**Stored data**:
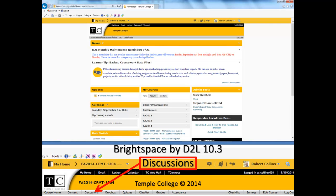Brightspace by D2L, 10.3. Discussions. Temple College, 2014.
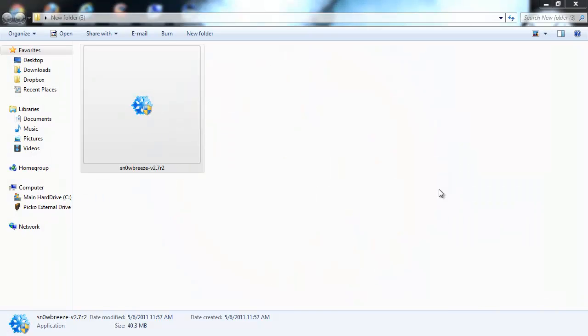Hey YouTube, opinion native reviewer here. Today I'm going to show you guys how to jailbreak iOS 4.3.3 with snow breeze 2.7. This supports every device that is on iOS 4.3.3 except the iPad 2. I'll put everything down in the description below so you can check it out.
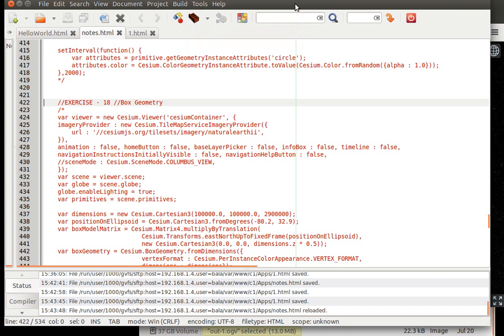Okay, welcome to the final video in this Cesium.js screencasting.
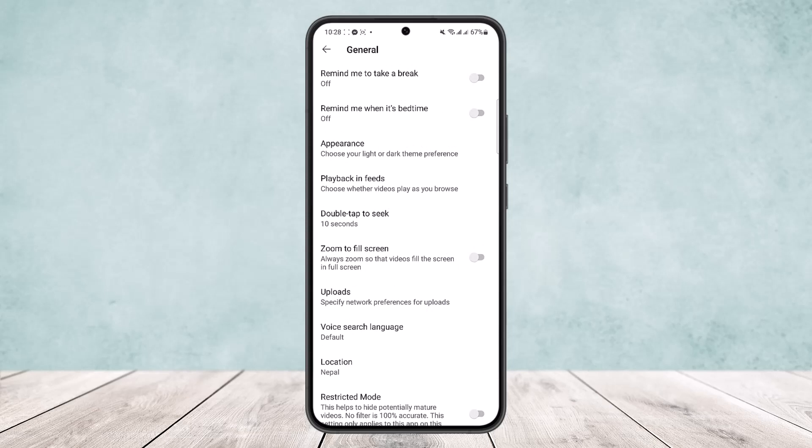You can enable it from here. However, as you can see, I don't have it because I don't have a premium account. As you know, you'll need a YouTube Premium membership to enable picture-in-picture mode. However, if you aren't a premium user, I'll show you a simpler trick.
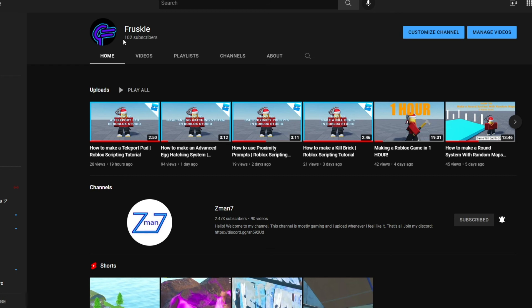Hope you enjoyed the video. Make sure to like and subscribe, and I'll see you in the next one. Bye!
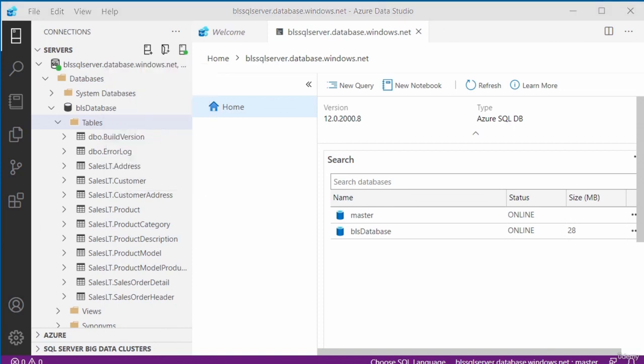In this video, I showed you how to connect to your Azure SQL database server using Azure Data Studio. Thanks for watching. Bye for now.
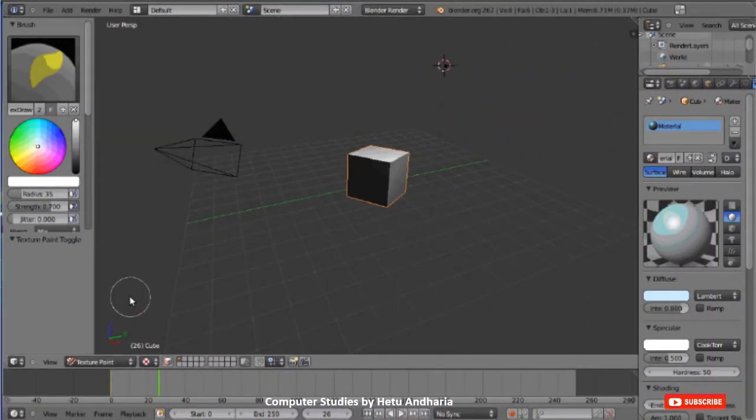This is the screenshot of a 3D animation software. Here you can see that you can create shapes such as a cube. You get background, foreground, everything. You can work on all 3 axes — X, Y, and Z.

**Exercise aim**: Transcribe the entries word for word, without their pictures.

**Output of the exercise**:
Brightspace by D2L, 10.3. Discussions. Temple College, 2014.
Hey YouTube, opinion native reviewer here. Today I'm going to show you guys how to jailbreak iOS 4.3.3 with snow breeze 2.7. This supports every device that is on iOS 4.3.3 except the iPad 2. I'll put everything down in the description below so you can check it out.
Okay, welcome to the final video in this Cesium.js screencasting.
You can enable it from here. However, as you can see, I don't have it because I don't have a premium account. As you know, you'll need a YouTube Premium membership to enable picture-in-picture mode. However, if you aren't a premium user, I'll show you a simpler trick.
Hope you enjoyed the video. Make sure to like and subscribe, and I'll see you in the next one. Bye!
In this video, I showed you how to connect to your Azure SQL database server using Azure Data Studio. Thanks for watching. Bye for now.
This is the screenshot of a 3D animation software. Here you can see that you can create shapes such as a cube. You get background, foreground, everything. You can work on all 3 axes — X, Y, and Z.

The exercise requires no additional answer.